→ **Your goal**
The listing is to be returned word for word, without its images.

→ **Data**
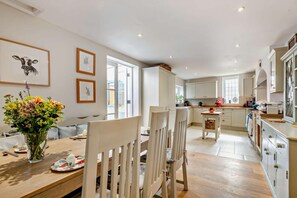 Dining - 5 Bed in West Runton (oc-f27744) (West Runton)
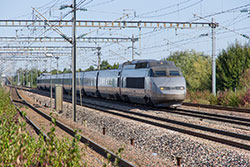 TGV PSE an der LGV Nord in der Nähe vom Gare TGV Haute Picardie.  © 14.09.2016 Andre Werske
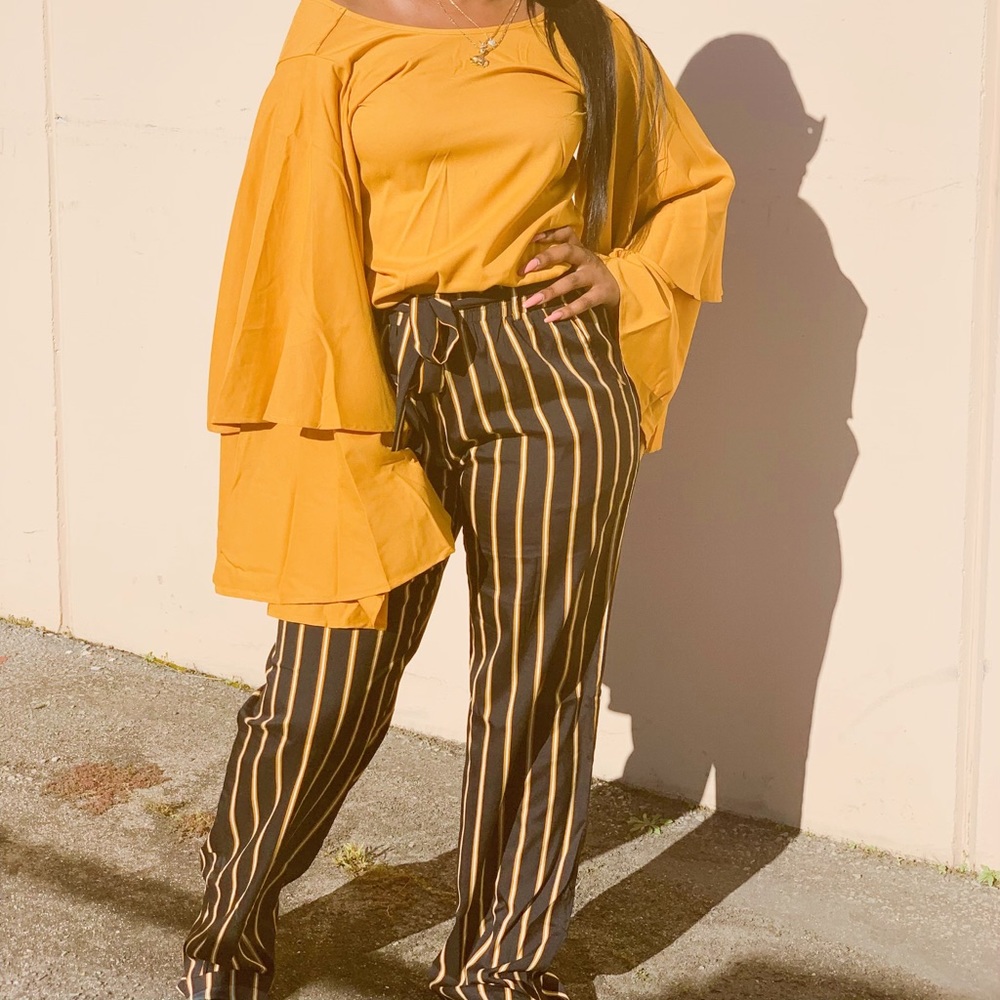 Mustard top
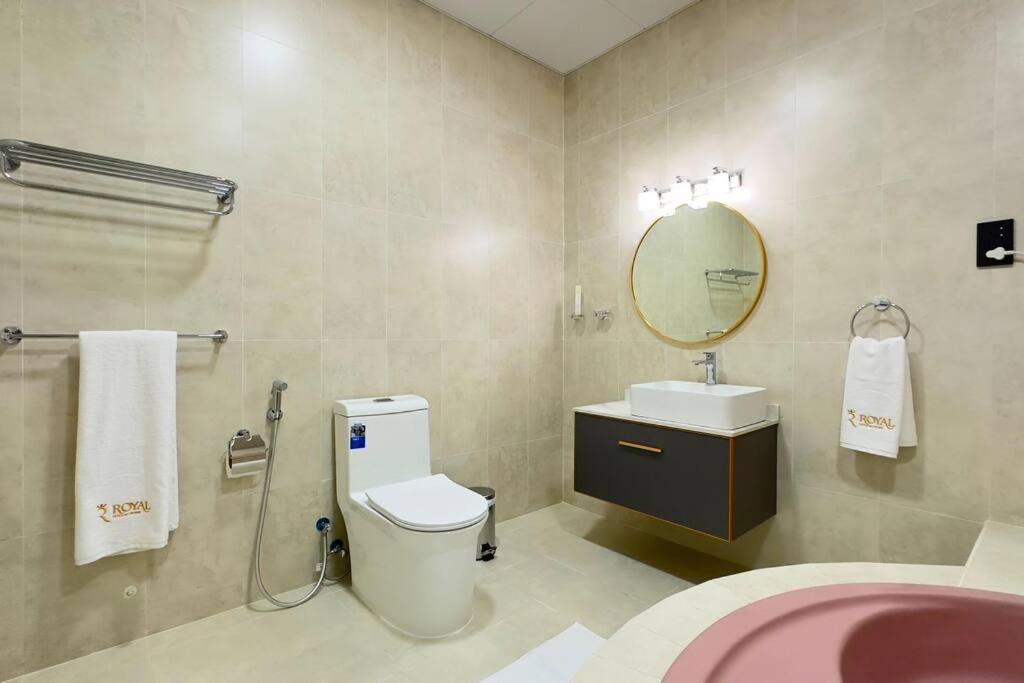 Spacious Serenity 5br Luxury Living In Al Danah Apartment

→ **Reply to the task**
 Dining - 5 Bed in West Runton (oc-f27744) (West Runton)
 TGV PSE an der LGV Nord in der Nähe vom Gare TGV Haute Picardie.  © 14.09.2016 Andre Werske
 Mustard top
 Spacious Serenity 5br Luxury Living In Al Danah Apartment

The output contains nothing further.